I cannot be sure, but I don't think you are hitting issue #27.

When you say "the database", how can I tell whether it's waiting for the remote database (which I hit every 12 hours) or the local Derby database?

netstat tells me that the remote SQL connection is not open or waiting, once the plugin starts and the two queries complete.

Based on this fellow's comment, and the fact that my source tables are 1169 and 2523 rows, respectively, I'm going to try the jdbc_input -> file -> translate filter method he reports gave him good performance.

Also, if that happens to yield decent performance as well as getting rid of the billions of "Parameter field not found ..." messages, it would be an all-out victory.

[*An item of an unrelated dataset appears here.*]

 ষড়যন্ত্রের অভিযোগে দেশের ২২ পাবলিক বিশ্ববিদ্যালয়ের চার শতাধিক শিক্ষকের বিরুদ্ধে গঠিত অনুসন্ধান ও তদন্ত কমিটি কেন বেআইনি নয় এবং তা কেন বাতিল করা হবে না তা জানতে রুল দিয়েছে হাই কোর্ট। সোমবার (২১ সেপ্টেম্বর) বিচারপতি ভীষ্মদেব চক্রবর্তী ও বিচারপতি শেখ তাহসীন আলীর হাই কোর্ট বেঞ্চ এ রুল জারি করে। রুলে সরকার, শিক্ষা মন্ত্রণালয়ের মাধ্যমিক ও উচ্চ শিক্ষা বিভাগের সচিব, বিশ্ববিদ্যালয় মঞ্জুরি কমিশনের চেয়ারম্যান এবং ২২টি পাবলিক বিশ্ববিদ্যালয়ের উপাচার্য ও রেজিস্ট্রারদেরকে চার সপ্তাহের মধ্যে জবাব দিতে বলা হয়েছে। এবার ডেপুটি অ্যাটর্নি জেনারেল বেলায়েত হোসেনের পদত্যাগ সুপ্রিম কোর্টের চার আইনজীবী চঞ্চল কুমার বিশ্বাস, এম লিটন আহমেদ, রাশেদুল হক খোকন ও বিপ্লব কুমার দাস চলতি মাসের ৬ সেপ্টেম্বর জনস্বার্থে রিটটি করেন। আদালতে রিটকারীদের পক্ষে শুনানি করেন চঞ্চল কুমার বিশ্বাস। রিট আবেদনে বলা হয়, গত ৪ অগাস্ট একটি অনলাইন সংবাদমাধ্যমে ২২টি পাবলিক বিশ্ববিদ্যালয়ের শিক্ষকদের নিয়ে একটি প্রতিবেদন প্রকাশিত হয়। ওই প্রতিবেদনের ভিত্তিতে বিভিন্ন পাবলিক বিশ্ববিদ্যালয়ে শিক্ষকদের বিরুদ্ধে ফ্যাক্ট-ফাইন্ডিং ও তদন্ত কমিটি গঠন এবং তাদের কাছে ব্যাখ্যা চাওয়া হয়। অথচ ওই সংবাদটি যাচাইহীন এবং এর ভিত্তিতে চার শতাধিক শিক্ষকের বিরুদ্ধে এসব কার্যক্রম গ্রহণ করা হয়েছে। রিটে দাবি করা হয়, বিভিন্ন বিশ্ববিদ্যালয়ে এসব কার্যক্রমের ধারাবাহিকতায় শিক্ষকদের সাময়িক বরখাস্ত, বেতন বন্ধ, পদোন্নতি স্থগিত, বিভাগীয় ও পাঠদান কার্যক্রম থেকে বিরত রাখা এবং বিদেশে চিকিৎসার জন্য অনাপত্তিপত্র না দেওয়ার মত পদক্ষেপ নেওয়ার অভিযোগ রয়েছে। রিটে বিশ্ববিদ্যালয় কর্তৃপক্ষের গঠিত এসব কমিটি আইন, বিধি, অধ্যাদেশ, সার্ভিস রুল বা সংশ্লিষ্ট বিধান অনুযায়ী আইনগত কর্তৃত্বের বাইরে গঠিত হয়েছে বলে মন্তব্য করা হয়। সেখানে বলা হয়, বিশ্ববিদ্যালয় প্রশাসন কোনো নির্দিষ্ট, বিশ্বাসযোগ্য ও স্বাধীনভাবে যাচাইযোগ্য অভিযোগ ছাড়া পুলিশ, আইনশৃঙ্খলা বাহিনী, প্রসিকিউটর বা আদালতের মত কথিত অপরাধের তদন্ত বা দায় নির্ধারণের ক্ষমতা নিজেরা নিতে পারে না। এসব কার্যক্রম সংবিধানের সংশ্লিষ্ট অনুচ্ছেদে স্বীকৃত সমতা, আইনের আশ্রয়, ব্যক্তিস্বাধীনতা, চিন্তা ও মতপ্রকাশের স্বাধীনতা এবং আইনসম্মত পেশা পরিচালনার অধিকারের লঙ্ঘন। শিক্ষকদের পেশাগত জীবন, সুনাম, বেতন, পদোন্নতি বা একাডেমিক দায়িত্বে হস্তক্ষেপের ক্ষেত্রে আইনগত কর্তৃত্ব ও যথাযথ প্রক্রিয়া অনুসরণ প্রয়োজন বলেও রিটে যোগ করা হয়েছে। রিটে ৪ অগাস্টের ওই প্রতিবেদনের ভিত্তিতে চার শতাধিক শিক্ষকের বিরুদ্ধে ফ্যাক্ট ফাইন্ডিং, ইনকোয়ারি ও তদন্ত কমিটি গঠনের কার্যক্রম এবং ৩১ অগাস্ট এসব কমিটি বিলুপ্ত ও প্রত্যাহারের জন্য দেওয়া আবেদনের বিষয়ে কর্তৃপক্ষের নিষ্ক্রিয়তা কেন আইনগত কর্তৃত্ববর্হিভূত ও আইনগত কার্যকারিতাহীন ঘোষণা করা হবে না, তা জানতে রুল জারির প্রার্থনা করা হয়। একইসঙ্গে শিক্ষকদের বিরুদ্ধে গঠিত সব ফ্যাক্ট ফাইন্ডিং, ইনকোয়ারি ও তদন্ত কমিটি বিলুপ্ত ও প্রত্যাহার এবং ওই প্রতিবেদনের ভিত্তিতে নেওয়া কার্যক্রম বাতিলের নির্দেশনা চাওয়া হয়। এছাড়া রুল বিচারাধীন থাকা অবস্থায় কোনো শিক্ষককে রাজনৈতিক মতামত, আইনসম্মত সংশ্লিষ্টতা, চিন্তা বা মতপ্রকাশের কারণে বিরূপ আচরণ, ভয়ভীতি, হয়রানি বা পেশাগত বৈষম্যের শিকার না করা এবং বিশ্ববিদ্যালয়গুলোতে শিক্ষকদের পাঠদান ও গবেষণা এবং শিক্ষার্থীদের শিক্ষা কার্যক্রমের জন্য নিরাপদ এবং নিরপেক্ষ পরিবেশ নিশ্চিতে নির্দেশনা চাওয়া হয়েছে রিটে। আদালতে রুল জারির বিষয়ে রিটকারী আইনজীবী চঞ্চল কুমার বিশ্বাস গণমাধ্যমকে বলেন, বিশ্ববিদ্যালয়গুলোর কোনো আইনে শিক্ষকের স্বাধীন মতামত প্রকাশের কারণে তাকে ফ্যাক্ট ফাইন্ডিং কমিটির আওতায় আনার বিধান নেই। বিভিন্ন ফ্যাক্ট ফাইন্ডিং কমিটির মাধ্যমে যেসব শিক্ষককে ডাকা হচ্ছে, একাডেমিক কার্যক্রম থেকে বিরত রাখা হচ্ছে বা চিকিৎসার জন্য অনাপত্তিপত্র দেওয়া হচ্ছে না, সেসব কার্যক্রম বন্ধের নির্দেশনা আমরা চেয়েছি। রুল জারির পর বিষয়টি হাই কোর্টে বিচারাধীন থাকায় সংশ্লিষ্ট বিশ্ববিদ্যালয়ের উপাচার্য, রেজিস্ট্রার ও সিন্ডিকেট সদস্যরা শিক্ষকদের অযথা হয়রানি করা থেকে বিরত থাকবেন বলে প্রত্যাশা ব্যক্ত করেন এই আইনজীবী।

I haven't seen the rest of the stack trace, so I do not know :slight_smile:

To clarify, that is the entire stack trace that results from the Logstash shutdown attempting to empty and close the pipeline. It is not a "steady state" stack trace.

Sorry for the delay, I have a thread dump produced by 'jcmd Thread.print'.

It is 15251 lines, so how should I get it to you for inspection?

How about pastebin.com?

It's 1.5 megabytes uncompressed (pastebin rejects that) and 32481 bytes compressed (but I can only upload images here).

Do you have another suggestion?

dropbox.com? You can upload a zip file there.

See if this link works:

Windows does not think that is a valid zip file (nor does dropbox).